Demokracja na zakręcie historii?
Demokracja to najlepszy system społeczny – czy najgorszy? Większość ośrodków opiniotwórczych twierdzi, że z obecnie istniejących systemów społecznych jest to najlepszy, najbardziej sprawiedliwy system, ponieważ każdy z członków społeczeństwa ma wpływ na rządzących poprzez wybór swoich reprezentantów. Środowiska konserwatywne z kolei twierdzą, że demokracja jest najgorszym z systemów-ustrojów społecznych, ponieważ są to rządy większości. A większość ludzi jest niewykształcona, niedoinformowana i często zmanipulowana przez mass media, ich decyzje wyborcze są złe, tym samym system społeczny jest zły.
Ja natomiast śmiem twierdzić, że ani jedni, ani drudzy nie mają racji. Niniejszym spróbuje tą tezę udowodnić.
Aby zrozumieć do czego może doprowadzić bezrefleksyjna demokracja trzeba sięgnąć do historii – jak również do ideologii marksistowskiej. Najbardziej znanym przykładem klęski demokracji w historii to dojście Hitlera do władzy. Dzięki powszechnej propagandzie goebbelsowskiej, niemieckie masy społeczne tak zostały zmanipulowane, że bezkrytycznie i entuzjastycznie wybrały Adolfa Hitlera na kanclerza Niemiec.

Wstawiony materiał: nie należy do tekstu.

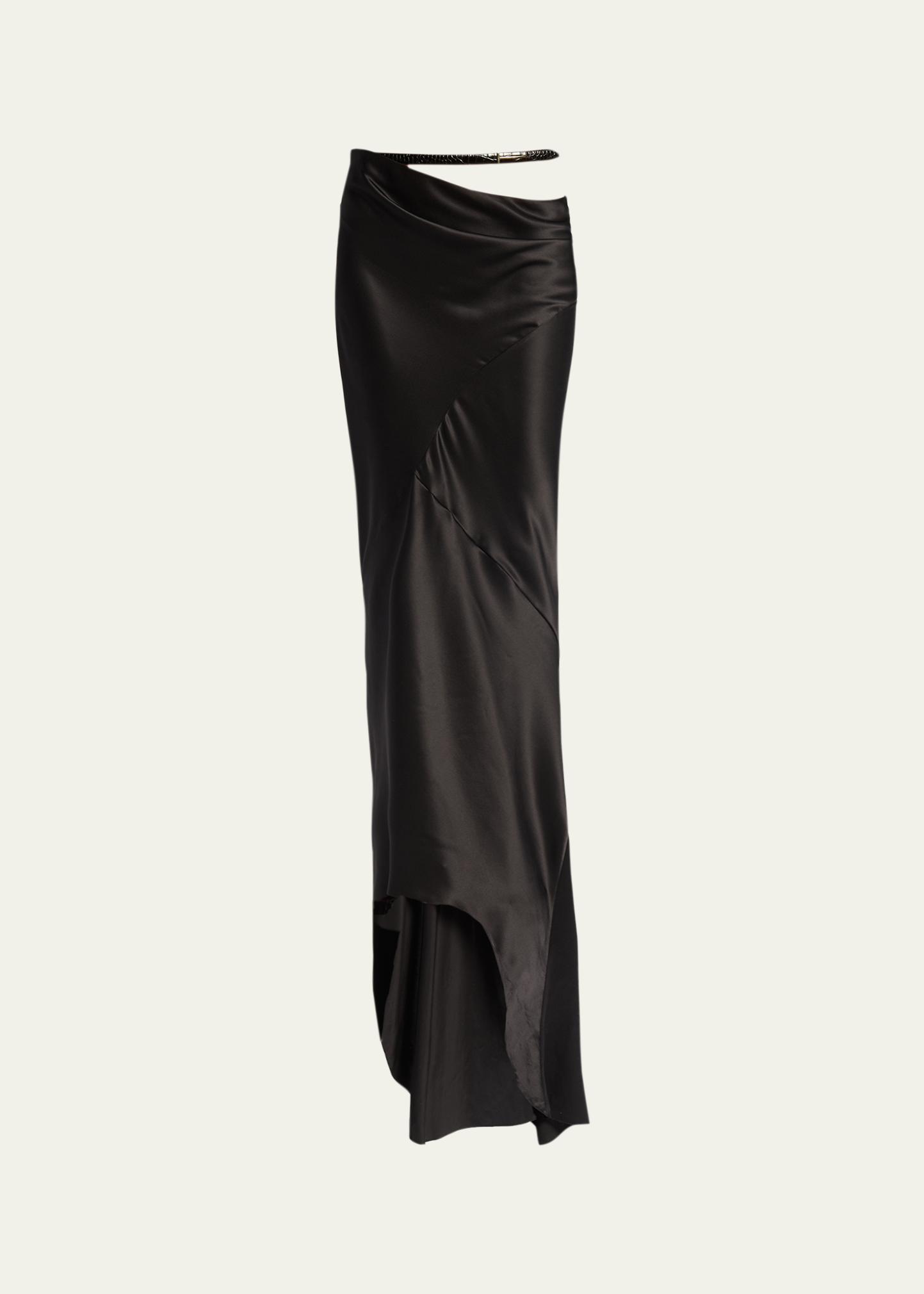 Asymmetric Satin Maxi Skirt With Train, image 2 of 6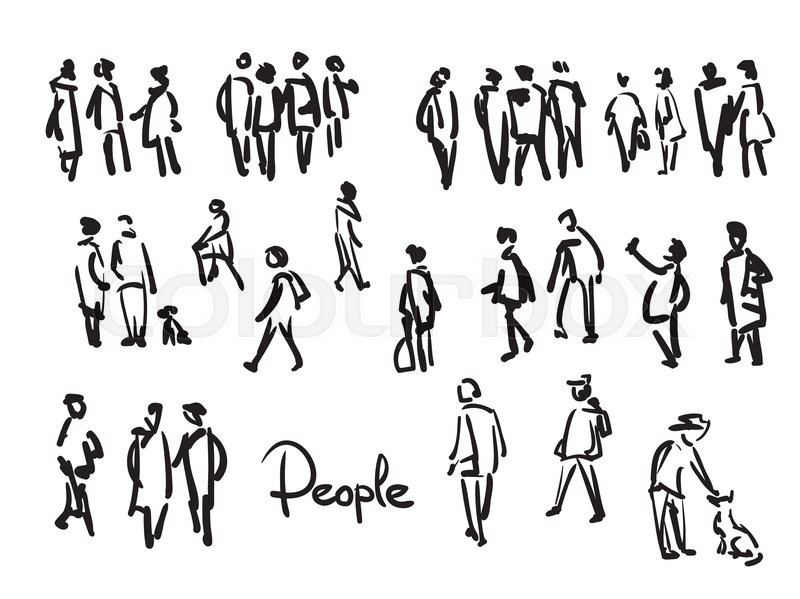 800x599 Casual People Sketch. Outline Hand Drawing Illustration Stock - Outline Sketch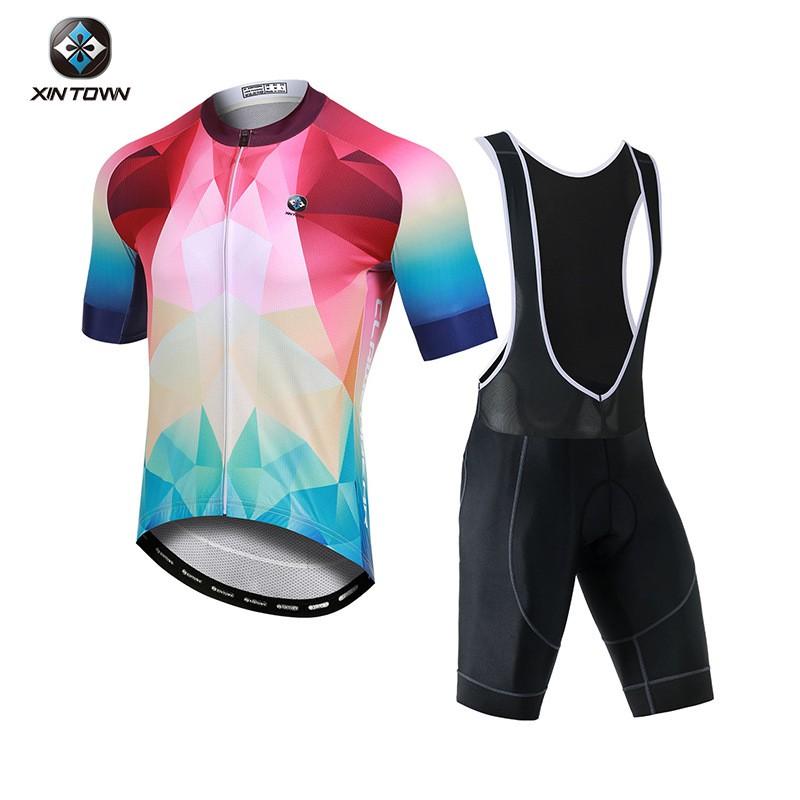 XINTOWN Cycling Jersey Set Short Sleeve Bib Shorts Men Road Bike Riding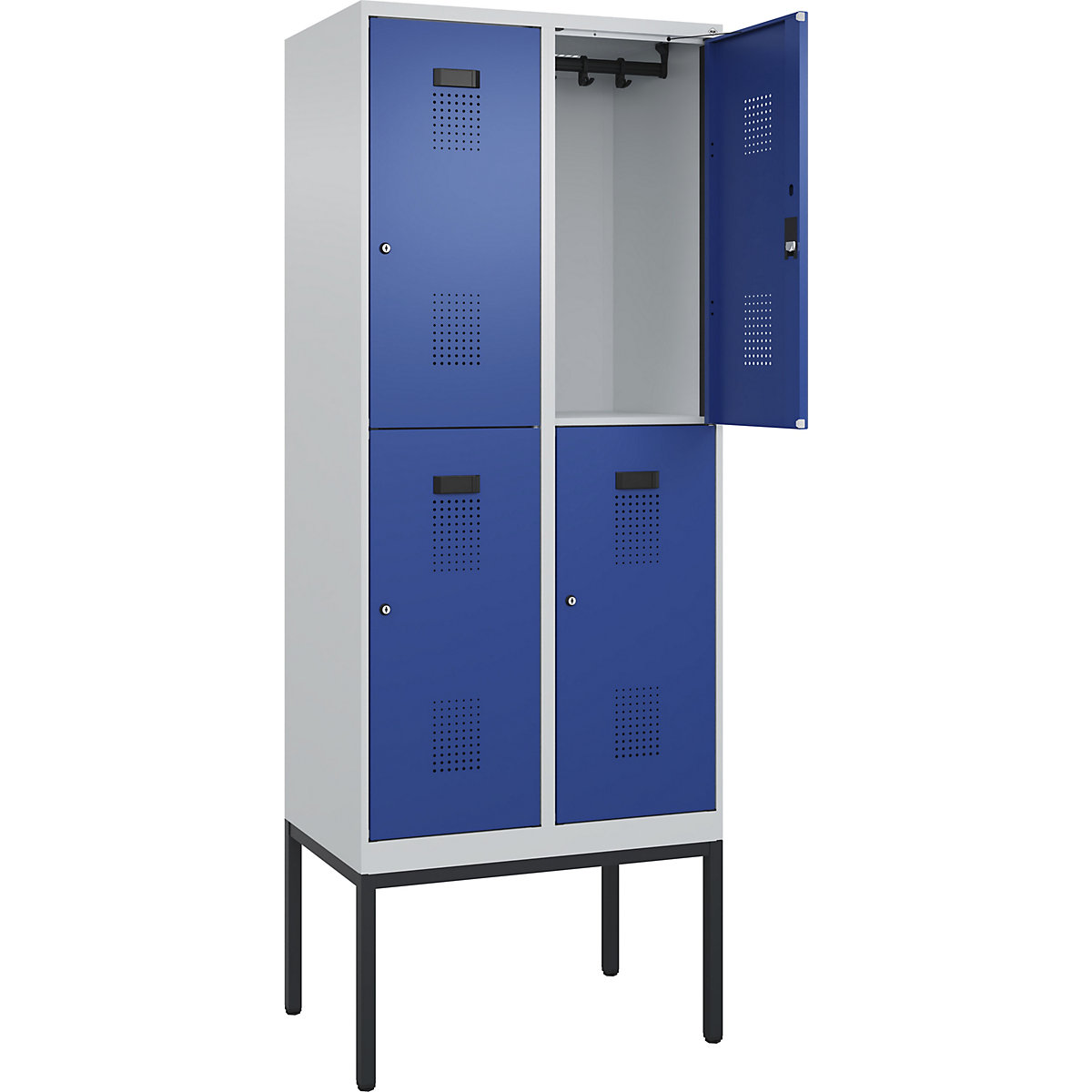 Vestiar cu două niveluri Evolo PLUS – C+P, 2 module, gri deschis / albastru gențiană, lăț. 800 mm, cu picioare înguste, încuietoare cilindrică-0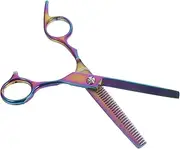 HONMEET 1 Pcs Colorful Stainless Steel Teeth Scissors for Hairdressing Practical Hair Styling Tools for Home Salon and Pet Grooming Durable and Portable Haircutting Shears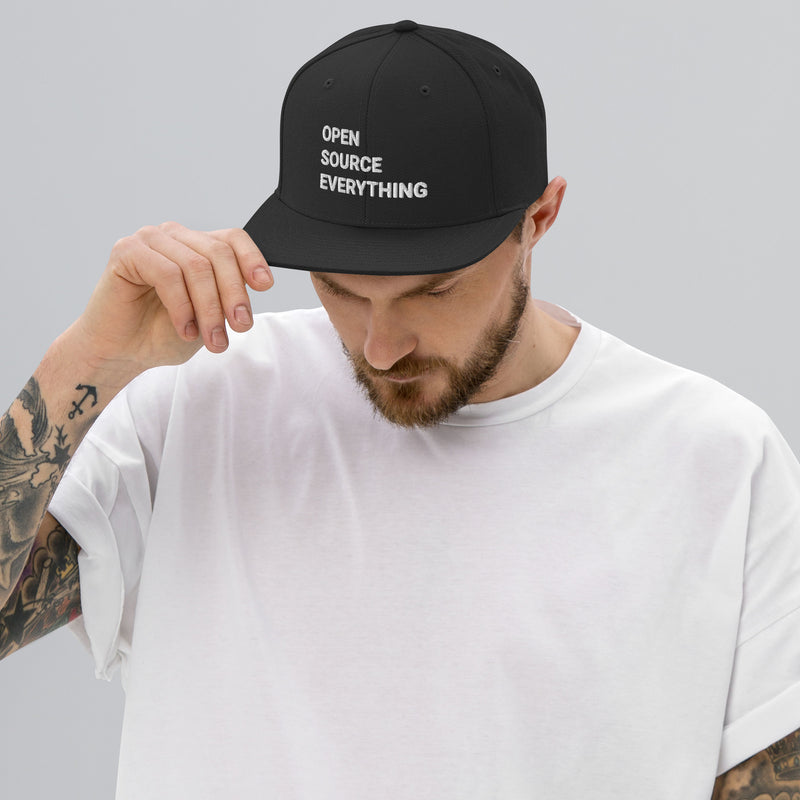 Open Source Everything Structured Snapback Cap with Flat Brim
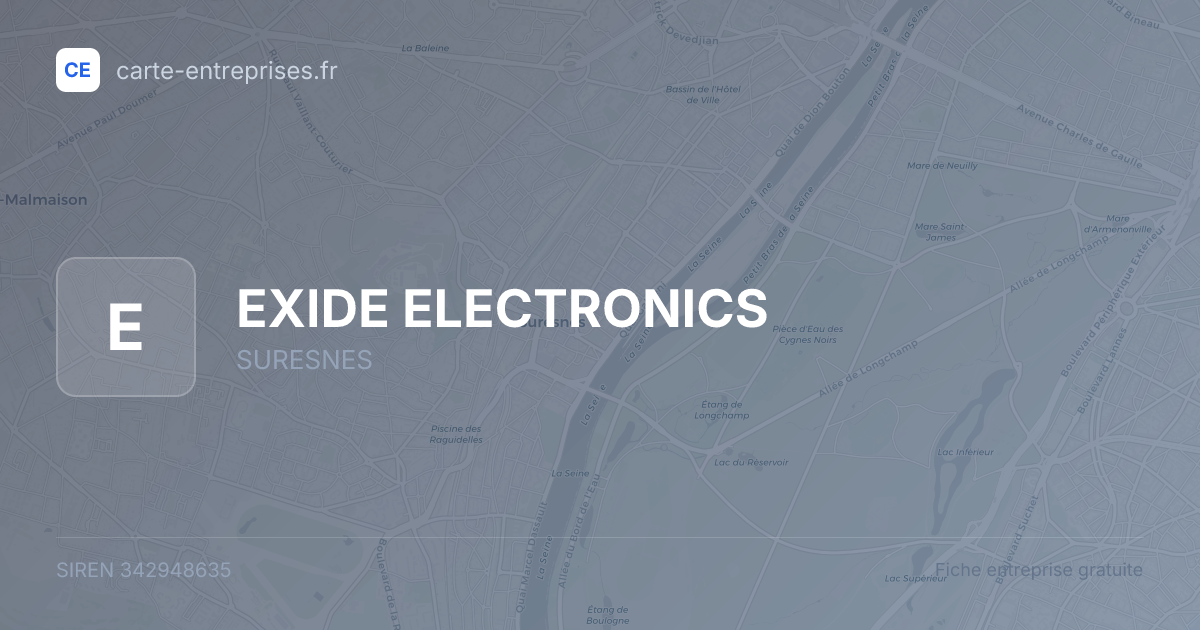 EXIDE ELECTRONICS — 342948635 — fiche entreprise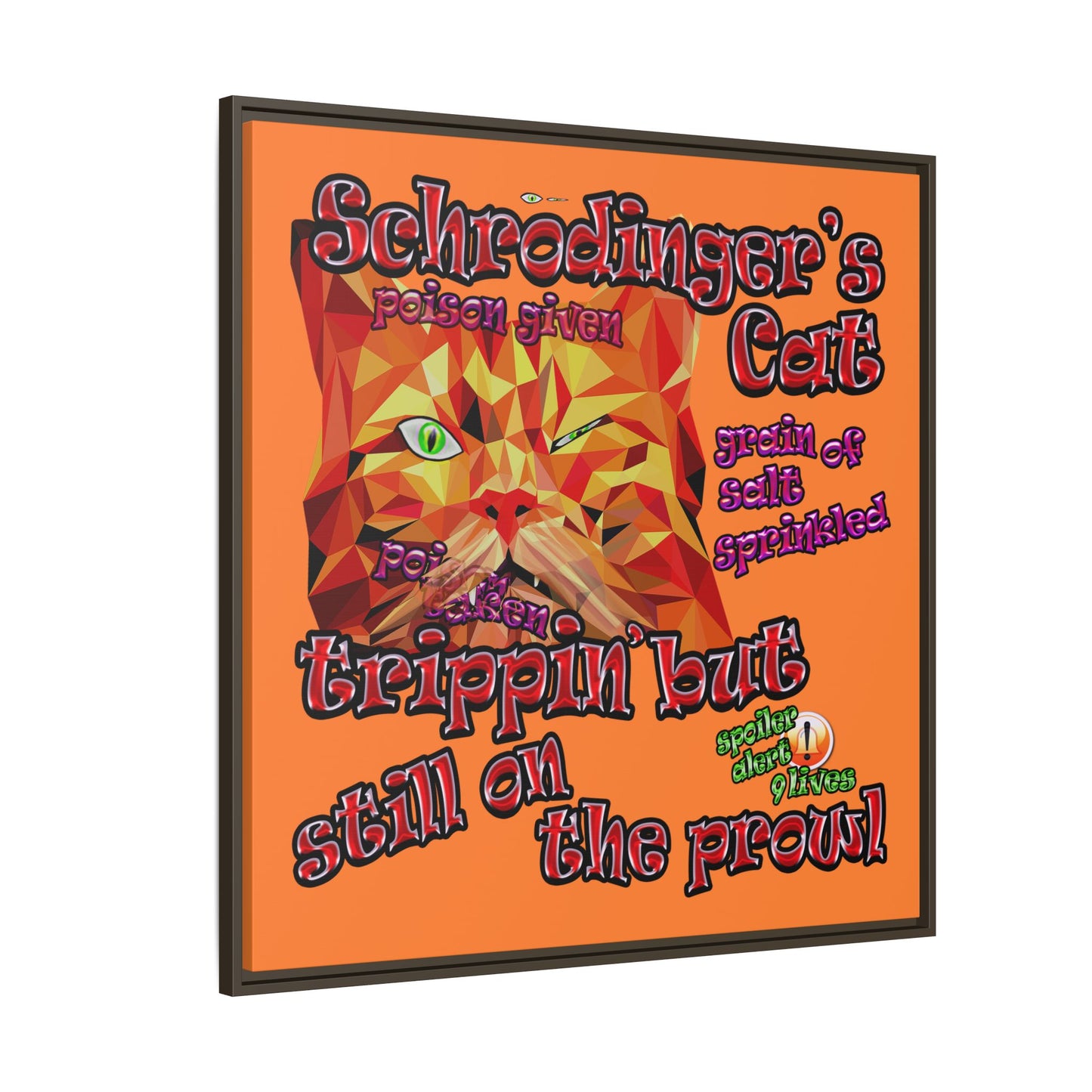schrodinger's cat - framed canvas art (crusta)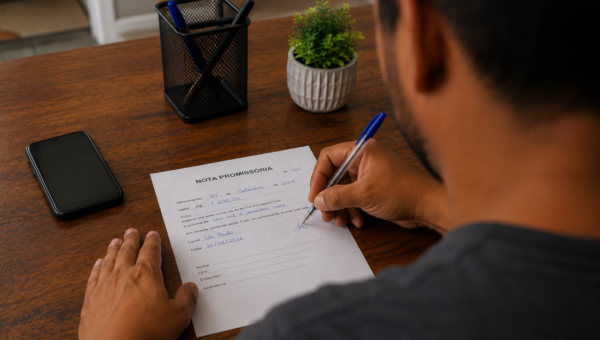 Pessoa preenchendo nota promissória em uma mesa, representando a formalização de dívidas.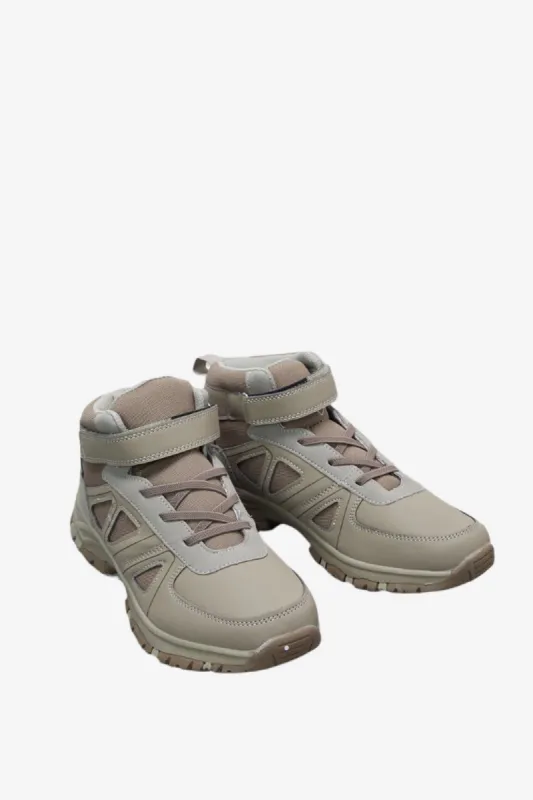 Senior Boys Beige Material Block High top Sneakers sold by Redtag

Super negatywny efekt demokracji. Sięgając zaś do ideologii marksistowskiej to obecnie porzuca ona rewolucyjną drogę dojścia do stworzenia społeczeństwa bezklasowego – czyli komunistycznego i realizuje dojście do tego systemu poprzez stopniowe zmiany – tzw. reformizm. Wyznawcy reformizmu działają efektywnie, stopniowo wprowadzają zmiany przybliżające ich do stworzenia społeczeństwa bezklasowego, które jest wg nich nieuniknione, gdyż cel ten zostanie zrealizowany poprzez determinizm społeczny, jak również poprzez zsumowanie się tych wszystkich zmian w jedną całość, która stworzy nową pożądaną jakość tj. społeczeństwo w którym wszyscy są równi, czyli społeczeństwo bezklasowe. Te stopniowe zmiany osiągają oni poprzez opanowywanie ośrodków opiniotwórczych oraz mass mediów, które zaburzają metabolizmu informacyjny, wzbudzając silne emocje. Poza tym media propagują chwytliwe hasła takie jak wolność i równość. Młodzież nie znająca historii, niezachwianie wierzy, że równość jest antidotum na wszelką niesprawiedliwość. A przecież w historii wszystkie takie ruchy (ustroje) kończyły się katastrofalną niesprawiedliwością, ponieważ okazało się, że są równi i równiejsi.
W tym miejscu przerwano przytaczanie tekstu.